Understanding and avoiding value drift

TurnTrout

I use the shard theory of human values to clarify what value drift is, how it happens, and how it might be avoided by a highly intelligent agent—even if that agent doesn't have any control over its future experiences. Along the way, I give a shard theory account of rationalization.

Defining "value drift"

Recapitulating part of shard theory. Reward is that which reinforces. Considering the case of reinforcement learning in humans, reward causes your brain’s credit assignment algorithms^[1] to reinforce the actions and thoughts which led to that reward, making those actions and thoughts more likely to be selected in the future.

For example, suppose you recognize a lollipop, and move to pick it up, and then lick the lollipop. Since the lollipop produces reward, these thoughts will be reinforced and you will be more likely to act similarly in such situations in the future. You become more of the kind of person who will move to pick up a lollipop when you recognize lollipops, and who will navigate to lollipop-containing locations to begin with.

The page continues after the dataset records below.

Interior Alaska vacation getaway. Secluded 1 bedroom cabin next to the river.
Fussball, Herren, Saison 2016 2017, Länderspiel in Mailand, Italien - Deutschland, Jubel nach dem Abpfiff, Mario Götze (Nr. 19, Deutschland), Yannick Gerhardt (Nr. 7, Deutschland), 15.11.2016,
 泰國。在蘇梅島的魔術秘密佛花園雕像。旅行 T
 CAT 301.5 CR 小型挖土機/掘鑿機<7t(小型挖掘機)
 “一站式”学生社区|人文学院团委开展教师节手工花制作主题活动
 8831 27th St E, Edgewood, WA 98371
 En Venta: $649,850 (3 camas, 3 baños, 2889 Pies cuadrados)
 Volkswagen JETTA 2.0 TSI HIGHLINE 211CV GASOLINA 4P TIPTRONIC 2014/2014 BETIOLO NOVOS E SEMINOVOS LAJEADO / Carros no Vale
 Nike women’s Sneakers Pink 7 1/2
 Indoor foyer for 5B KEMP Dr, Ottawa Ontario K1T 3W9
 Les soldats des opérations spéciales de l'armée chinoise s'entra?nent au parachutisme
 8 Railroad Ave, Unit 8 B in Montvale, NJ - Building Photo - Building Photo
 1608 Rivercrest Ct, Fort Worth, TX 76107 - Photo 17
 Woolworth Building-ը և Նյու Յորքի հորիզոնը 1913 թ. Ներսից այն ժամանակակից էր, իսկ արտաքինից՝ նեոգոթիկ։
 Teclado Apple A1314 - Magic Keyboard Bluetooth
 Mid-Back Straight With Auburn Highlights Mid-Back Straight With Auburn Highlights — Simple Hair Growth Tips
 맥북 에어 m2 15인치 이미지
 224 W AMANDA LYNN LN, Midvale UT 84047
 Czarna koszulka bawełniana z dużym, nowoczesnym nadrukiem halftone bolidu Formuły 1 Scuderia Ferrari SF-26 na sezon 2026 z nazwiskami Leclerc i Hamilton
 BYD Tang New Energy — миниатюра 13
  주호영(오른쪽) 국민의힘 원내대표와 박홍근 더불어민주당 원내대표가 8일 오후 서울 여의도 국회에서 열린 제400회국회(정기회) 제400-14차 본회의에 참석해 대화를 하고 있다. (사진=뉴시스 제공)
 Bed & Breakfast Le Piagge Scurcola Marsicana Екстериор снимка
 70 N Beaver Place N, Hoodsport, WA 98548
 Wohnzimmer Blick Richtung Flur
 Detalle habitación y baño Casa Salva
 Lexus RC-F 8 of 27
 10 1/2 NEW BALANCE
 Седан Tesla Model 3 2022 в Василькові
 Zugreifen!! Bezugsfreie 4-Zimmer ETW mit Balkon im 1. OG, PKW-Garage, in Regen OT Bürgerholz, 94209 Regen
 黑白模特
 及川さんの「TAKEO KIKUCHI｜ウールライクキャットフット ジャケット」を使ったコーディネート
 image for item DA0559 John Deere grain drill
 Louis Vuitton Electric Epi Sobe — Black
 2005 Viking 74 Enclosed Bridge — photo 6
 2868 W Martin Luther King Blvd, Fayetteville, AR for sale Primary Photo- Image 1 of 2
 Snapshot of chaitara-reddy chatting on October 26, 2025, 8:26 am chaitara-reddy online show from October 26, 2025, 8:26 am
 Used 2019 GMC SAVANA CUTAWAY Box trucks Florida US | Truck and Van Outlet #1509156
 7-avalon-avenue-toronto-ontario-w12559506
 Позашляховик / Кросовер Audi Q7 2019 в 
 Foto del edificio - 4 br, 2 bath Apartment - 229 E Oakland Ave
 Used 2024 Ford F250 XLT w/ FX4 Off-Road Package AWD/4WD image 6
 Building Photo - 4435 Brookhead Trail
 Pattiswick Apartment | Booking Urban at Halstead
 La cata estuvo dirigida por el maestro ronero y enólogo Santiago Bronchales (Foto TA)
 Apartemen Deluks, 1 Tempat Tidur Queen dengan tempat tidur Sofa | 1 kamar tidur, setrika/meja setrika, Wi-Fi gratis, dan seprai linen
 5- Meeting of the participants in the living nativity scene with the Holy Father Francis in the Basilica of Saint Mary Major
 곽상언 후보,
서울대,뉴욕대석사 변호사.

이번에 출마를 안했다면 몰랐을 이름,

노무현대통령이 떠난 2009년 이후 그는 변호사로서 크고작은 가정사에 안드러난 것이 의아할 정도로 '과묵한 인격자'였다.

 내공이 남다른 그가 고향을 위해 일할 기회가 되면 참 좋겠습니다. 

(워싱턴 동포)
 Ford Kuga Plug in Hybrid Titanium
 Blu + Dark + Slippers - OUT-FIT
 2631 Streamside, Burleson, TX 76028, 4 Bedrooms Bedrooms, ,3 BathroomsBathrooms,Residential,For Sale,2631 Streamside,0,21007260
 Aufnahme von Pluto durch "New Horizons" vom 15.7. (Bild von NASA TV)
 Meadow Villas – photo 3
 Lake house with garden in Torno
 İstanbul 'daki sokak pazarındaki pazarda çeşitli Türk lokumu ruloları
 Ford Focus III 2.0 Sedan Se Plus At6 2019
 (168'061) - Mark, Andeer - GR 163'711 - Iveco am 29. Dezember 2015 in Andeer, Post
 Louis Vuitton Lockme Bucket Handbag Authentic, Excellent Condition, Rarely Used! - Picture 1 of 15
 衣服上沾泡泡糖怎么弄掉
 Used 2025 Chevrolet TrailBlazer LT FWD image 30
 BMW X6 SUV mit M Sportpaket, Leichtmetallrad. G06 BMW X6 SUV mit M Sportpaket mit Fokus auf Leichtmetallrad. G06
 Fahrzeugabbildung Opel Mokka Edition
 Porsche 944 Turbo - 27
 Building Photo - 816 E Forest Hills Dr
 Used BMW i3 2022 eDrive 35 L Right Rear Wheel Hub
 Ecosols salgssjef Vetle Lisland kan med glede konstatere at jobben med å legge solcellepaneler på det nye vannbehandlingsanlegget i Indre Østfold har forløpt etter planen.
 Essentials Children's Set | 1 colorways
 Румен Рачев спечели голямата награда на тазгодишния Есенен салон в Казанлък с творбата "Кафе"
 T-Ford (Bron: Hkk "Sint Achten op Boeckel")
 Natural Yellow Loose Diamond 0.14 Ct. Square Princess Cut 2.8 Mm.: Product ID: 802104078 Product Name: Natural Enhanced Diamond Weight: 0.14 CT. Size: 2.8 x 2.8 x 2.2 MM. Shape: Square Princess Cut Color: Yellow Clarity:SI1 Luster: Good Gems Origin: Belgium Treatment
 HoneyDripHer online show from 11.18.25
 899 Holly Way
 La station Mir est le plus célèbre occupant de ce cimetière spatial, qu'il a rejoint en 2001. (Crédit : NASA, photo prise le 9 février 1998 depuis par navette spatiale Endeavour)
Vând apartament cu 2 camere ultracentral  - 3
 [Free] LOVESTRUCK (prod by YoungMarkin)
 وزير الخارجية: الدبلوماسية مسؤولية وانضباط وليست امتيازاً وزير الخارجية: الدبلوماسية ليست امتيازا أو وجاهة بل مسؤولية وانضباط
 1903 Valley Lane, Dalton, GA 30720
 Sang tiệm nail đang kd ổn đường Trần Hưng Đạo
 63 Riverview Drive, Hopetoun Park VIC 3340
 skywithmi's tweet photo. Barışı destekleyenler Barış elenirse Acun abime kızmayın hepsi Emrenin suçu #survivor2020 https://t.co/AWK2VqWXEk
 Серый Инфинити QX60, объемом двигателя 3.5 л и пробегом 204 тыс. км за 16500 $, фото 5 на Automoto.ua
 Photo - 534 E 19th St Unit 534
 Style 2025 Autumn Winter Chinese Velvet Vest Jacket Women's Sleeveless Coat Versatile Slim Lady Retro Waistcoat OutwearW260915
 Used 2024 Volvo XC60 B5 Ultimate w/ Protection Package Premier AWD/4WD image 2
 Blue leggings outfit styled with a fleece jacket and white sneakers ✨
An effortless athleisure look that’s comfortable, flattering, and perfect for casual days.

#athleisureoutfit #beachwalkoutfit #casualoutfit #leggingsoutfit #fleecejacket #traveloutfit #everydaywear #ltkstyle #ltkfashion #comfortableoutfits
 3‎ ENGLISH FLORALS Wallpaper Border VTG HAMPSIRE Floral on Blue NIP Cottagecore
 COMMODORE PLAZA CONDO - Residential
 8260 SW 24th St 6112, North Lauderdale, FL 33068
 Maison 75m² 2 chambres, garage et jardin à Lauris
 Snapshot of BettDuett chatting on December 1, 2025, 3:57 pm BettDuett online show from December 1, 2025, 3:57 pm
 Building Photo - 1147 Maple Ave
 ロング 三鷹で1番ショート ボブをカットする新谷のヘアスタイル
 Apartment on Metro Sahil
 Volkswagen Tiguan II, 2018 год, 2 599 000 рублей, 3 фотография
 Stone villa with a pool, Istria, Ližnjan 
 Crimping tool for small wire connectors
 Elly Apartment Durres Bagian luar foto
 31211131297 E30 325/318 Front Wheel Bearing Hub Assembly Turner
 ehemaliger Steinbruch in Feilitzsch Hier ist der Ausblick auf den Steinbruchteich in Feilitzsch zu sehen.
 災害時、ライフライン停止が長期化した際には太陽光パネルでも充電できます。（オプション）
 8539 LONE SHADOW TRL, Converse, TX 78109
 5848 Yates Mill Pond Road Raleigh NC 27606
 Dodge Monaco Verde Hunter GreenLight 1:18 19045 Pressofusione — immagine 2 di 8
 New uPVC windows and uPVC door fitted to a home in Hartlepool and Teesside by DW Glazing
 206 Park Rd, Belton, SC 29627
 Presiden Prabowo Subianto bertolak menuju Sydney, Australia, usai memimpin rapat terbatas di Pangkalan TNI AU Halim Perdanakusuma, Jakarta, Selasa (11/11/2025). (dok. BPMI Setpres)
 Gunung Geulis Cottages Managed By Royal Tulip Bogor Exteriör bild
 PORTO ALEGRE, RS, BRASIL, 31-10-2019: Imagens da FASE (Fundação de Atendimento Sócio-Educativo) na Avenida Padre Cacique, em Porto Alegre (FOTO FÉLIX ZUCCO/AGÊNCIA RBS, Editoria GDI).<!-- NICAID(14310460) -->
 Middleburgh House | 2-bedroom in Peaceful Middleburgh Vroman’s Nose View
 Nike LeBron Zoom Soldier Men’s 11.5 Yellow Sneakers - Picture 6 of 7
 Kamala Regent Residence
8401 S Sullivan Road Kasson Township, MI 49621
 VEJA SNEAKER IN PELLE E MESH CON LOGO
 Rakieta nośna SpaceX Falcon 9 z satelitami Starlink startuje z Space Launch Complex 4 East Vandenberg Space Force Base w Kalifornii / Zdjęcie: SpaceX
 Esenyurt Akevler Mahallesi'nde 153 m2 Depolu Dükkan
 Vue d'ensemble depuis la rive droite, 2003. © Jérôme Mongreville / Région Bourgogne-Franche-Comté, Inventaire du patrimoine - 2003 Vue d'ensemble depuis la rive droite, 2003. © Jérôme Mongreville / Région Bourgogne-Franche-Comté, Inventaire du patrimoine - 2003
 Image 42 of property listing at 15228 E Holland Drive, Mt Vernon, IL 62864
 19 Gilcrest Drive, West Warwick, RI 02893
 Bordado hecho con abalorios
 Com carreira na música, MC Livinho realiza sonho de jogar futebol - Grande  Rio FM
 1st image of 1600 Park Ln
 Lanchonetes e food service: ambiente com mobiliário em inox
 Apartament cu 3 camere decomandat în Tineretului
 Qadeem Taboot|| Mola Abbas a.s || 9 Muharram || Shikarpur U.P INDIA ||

With that in mind, I think that shard theory offers a straightforward definition of "value drift":

Definition. Value drift occurs when reinforcement events substantially change the internal "balance of power" among the shards activated in everyday situations.

For example, consider the classic "example" of taking a pill which makes you enjoy killing people. Under shard theory, this change would be implemented as a murder-shard that activates in a wide range of contexts in order to steer planning towards murder, and therefore starts steering your decision-making substantially differently.

But it's better to try to explain phenomena which, you know, are known to actually happen in real life. Another simple example of value drift is when someone snorts cocaine. At a (substantial) gloss, the huge hit of reward extremely strongly upweights the decision to do cocaine; the strength of the reward leads to an unusually strong cocaine-shard which activates in an unusually wide range of situations.

Here's a more complicated example of value drift. I'll give one possible mechanistic story for the "value drift" which occurs to an atheist (Alice) dating a religious person (Rick), and why that situation might predictably lead to Alice converting or Rick deconverting. I'll consider a scenario where Alice converts.

First, reinforcement events cause Alice to develop shards of value around making Rick happy and making Rick like her. Alice's new shards (non-introspectively-apparently) query her world model for plans which make Rick happier and which make Rick like her more. Obviously, if Alice converted, they would have more in common, and Rick would be happy. Since these plans lead to Rick being happy and liking Alice more, these shards bid for those plans.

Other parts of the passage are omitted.